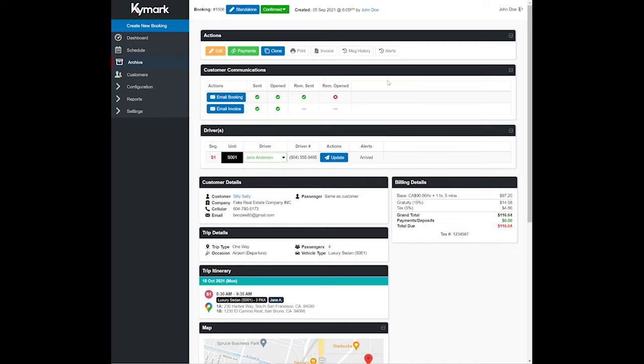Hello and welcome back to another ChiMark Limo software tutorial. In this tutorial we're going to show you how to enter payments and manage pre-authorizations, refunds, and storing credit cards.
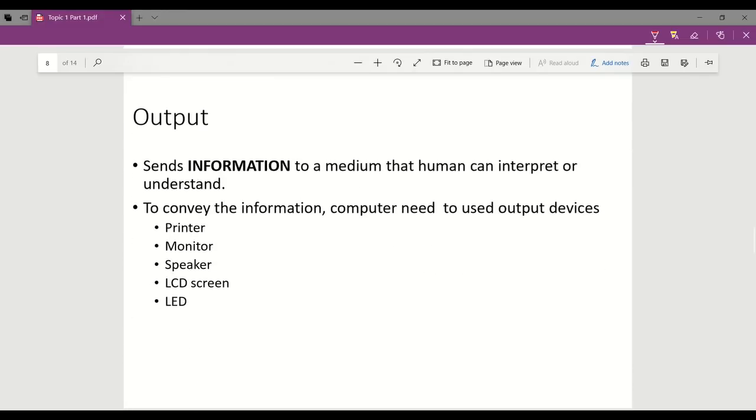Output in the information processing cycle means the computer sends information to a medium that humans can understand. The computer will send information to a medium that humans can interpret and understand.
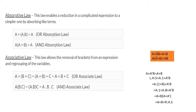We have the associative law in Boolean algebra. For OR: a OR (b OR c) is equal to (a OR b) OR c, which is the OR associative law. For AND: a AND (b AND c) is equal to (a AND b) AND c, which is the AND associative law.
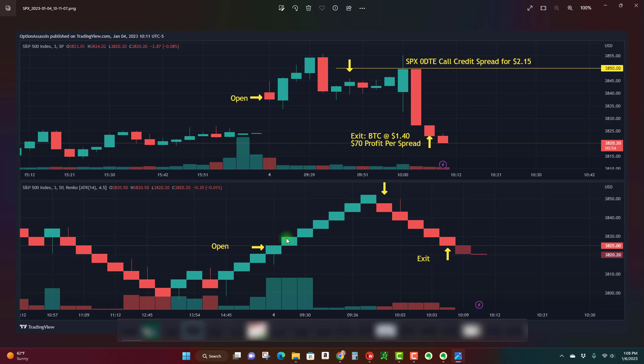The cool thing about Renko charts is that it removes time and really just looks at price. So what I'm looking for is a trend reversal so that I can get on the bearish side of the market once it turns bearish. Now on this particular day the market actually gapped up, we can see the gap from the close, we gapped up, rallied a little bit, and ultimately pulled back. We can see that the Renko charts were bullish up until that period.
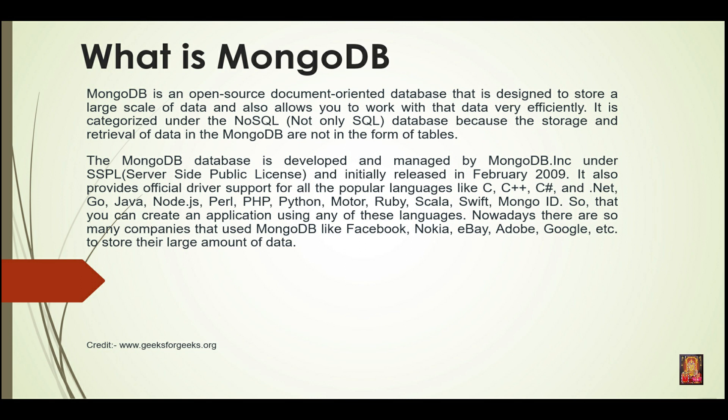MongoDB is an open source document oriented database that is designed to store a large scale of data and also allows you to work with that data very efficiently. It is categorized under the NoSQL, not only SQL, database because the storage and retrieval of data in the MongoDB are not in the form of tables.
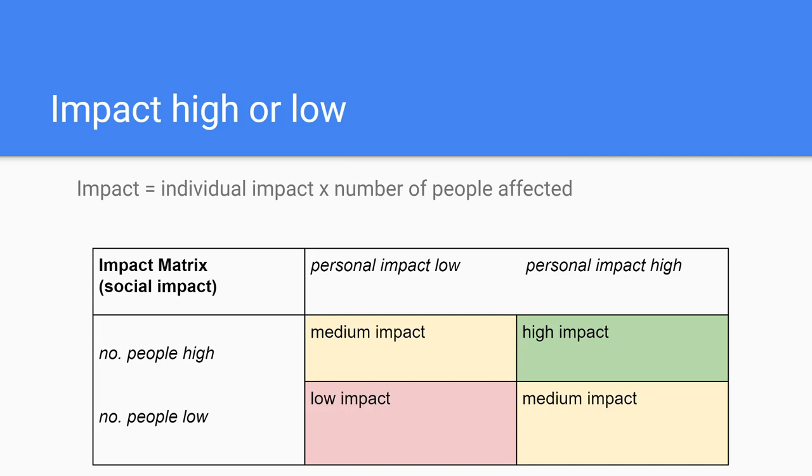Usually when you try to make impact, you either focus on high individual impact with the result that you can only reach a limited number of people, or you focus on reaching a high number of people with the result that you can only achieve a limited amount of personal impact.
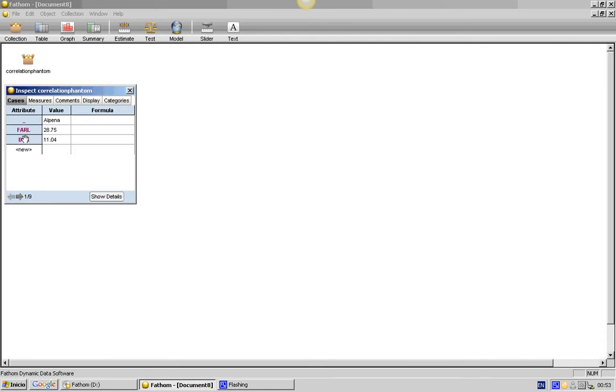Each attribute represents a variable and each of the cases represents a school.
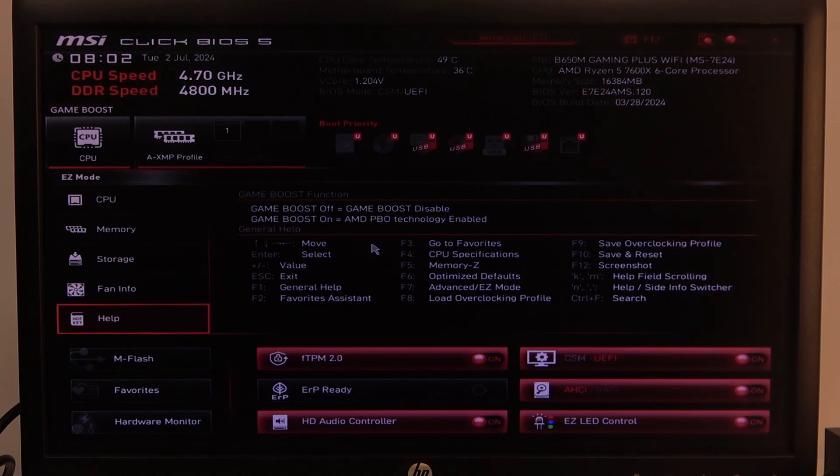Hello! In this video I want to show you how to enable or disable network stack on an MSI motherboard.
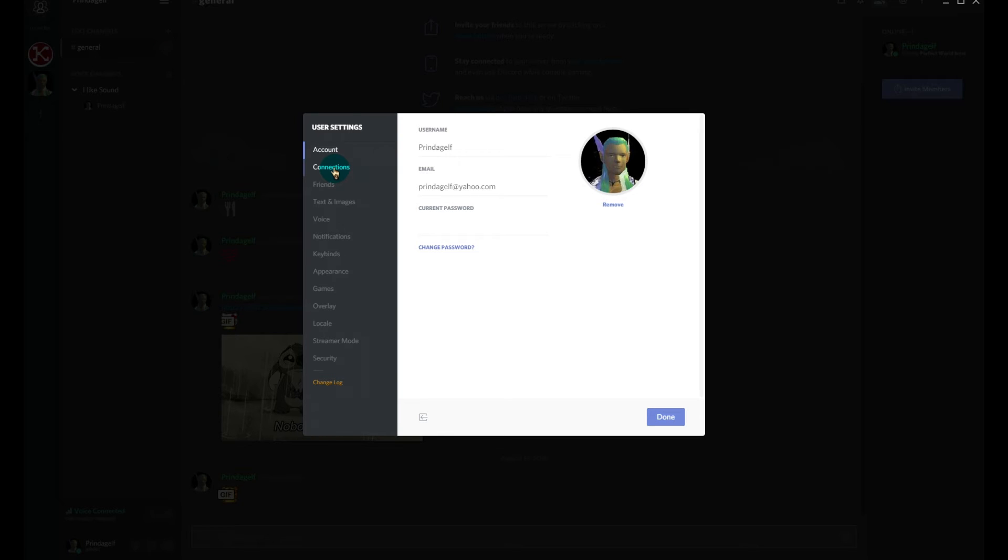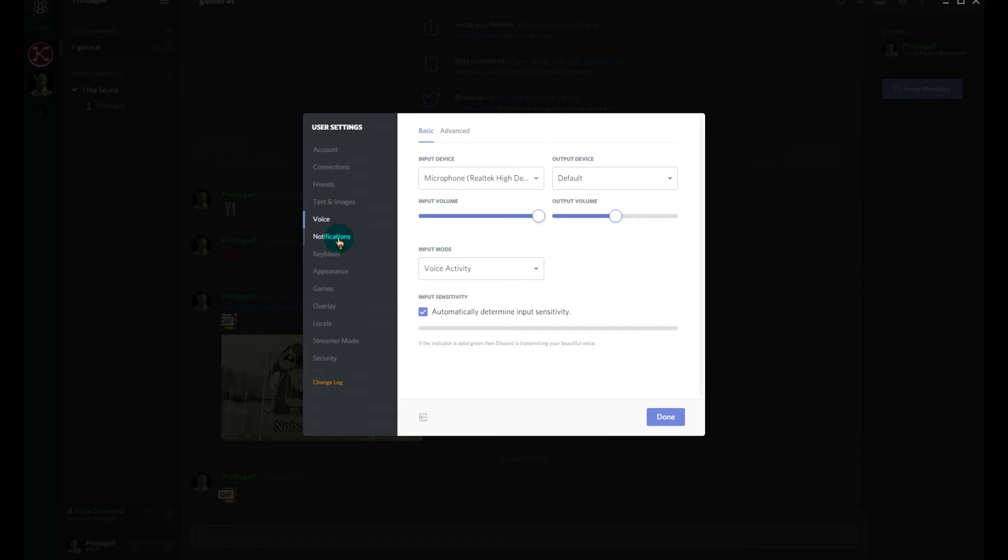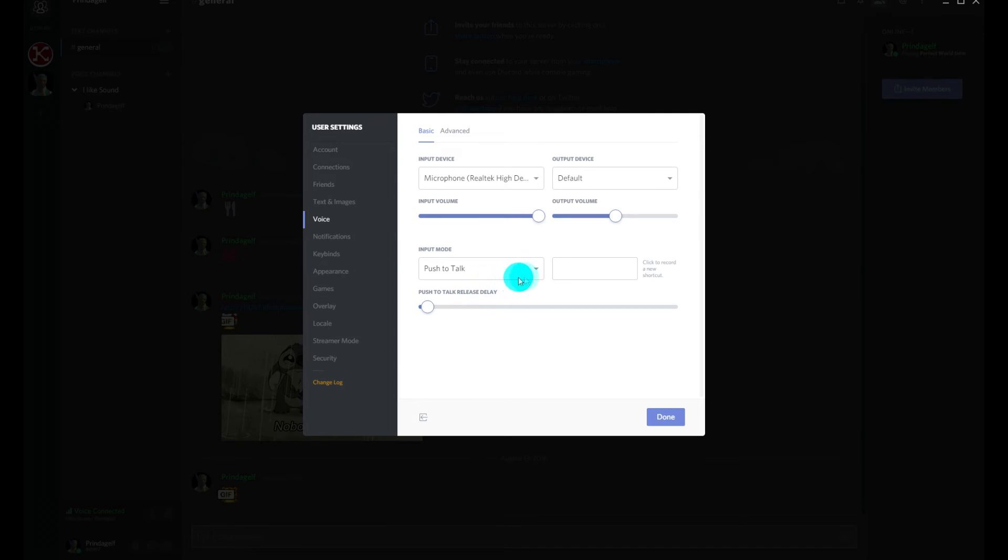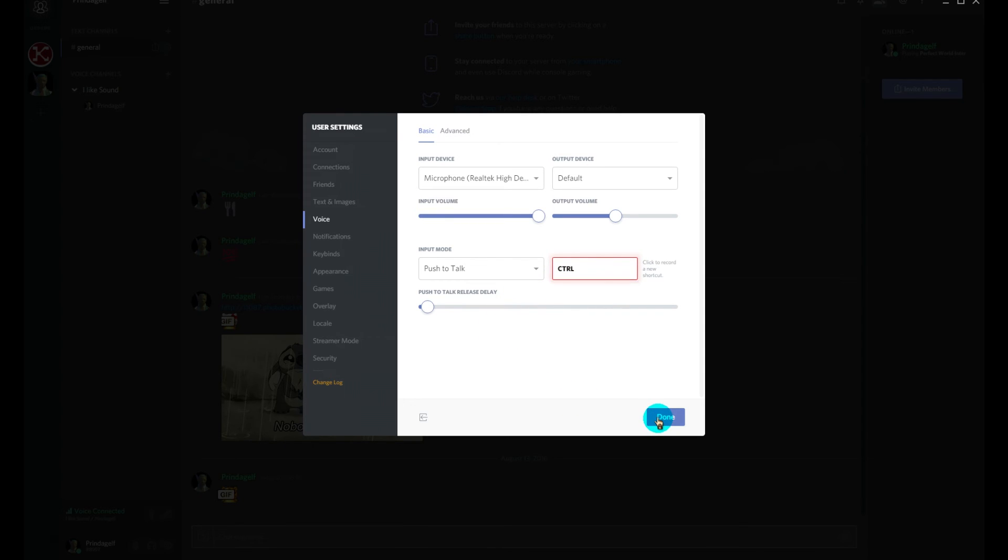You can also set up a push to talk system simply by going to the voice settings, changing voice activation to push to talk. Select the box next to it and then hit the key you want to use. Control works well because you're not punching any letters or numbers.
^^^^^^^^
WORK TASK -> Set down each line of the material exactly and skip every image.

ANSWER SPACE ->
Hello and welcome back to another ChiMark Limo software tutorial. In this tutorial we're going to show you how to enter payments and manage pre-authorizations, refunds, and storing credit cards.
Output in the information processing cycle means the computer sends information to a medium that humans can understand. The computer will send information to a medium that humans can interpret and understand.
We have the associative law in Boolean algebra. For OR: a OR (b OR c) is equal to (a OR b) OR c, which is the OR associative law. For AND: a AND (b AND c) is equal to (a AND b) AND c, which is the AND associative law.
The cool thing about Renko charts is that it removes time and really just looks at price. So what I'm looking for is a trend reversal so that I can get on the bearish side of the market once it turns bearish. Now on this particular day the market actually gapped up, we can see the gap from the close, we gapped up, rallied a little bit, and ultimately pulled back. We can see that the Renko charts were bullish up until that period.
MongoDB is an open source document oriented database that is designed to store a large scale of data and also allows you to work with that data very efficiently. It is categorized under the NoSQL, not only SQL, database because the storage and retrieval of data in the MongoDB are not in the form of tables.
Usually when you try to make impact, you either focus on high individual impact with the result that you can only reach a limited number of people, or you focus on reaching a high number of people with the result that you can only achieve a limited amount of personal impact.
Each attribute represents a variable and each of the cases represents a school.
Hello! In this video I want to show you how to enable or disable network stack on an MSI motherboard.
You can also set up a push to talk system simply by going to the voice settings, changing voice activation to push to talk. Select the box next to it and then hit the key you want to use. Control works well because you're not punching any letters or numbers.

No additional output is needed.